Ici.
... Lot quitta Tsoar pour la hauteur, et se fixa sur la montagne, avec ses deux filles, car il craignait de rester à Tsoar. Il habita dans une caverne, lui et ses deux filles.
L'aînée dit à la plus jeune : Notre père est vieux ; et il n'y a point d'homme dans la contrée, pour venir vers nous, selon l'usage de tous les pays.
Viens, faisons boire du vin à notre père, et couchons avec lui, afin que nous conservions la race de notre père.
Elles firent donc boire du vin à leur père cette nuit-là ; et l'aînée alla coucher avec son père : il ne s'aperçut ni quand elle se coucha, ni quand elle se leva.
Le lendemain, l'aînée dit à la plus jeune : Voici, j'ai couché la nuit dernière avec mon père ; faisons-lui boire du vin encore cette nuit, et va coucher avec lui, afin que nous conservions la race de notre père.
Elles firent boire du vin à leur père encore cette nuit-là ; et la cadette alla coucher avec lui : il ne s'aperçut ni quand elle se coucha, ni quand elle se leva.
Les deux filles de Lot devinrent enceintes de leur père.
L'aînée enfanta un fils, qu'elle appela du nom de Moab : c'est le père des Moabites, jusqu'à ce jour.
La plus jeune enfanta aussi un fils, qu'elle appela du nom de Ben Ammi : c'est le père des Ammonites, jusqu'à ce jour.
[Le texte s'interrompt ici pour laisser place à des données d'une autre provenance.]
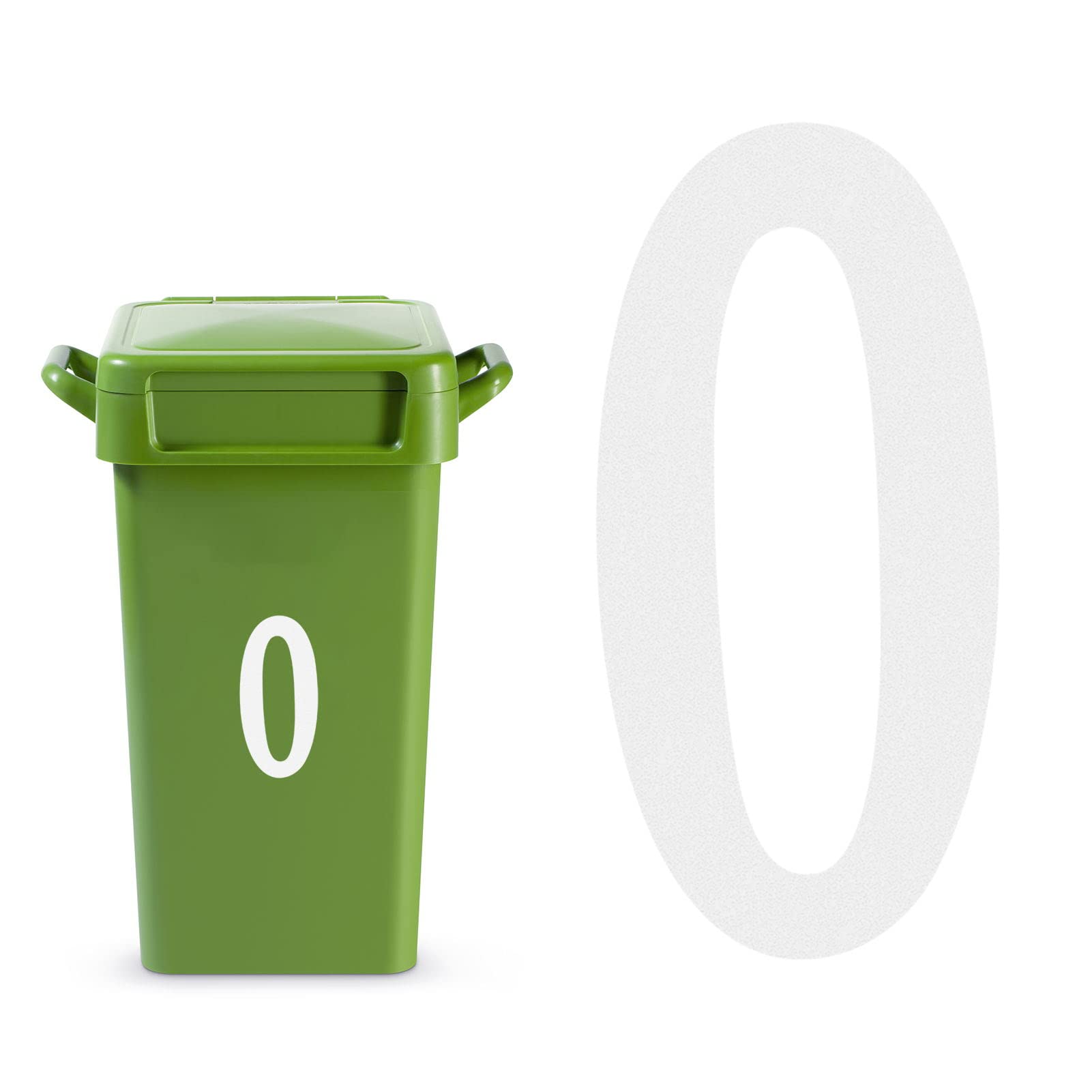 Buy 3 Pack Wheelie Bin Numbers for Bins Numbers 09 Wheelie Bin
Le 26 janvier 2010, l'Assemblée nationale a adopté sans modification, en deuxième lecture, la proposition de loi tendant à inscrire l'inceste commis sur les mineurs dans le code pénal et à améliorer la détection et la prise en charge des victimes d'actes incestueux.
Les trois principaux articles de cette proposition sont les suivants :
« Art. 222-22-1. : La contrainte prévue par le premier alinéa de l'article 222-22 peut être physique ou morale. La contrainte morale peut résulter de la différence d'âge existant entre une victime mineure et l'auteur des faits et de l'autorité de droit ou de fait que celui-ci exerce sur cette victime. »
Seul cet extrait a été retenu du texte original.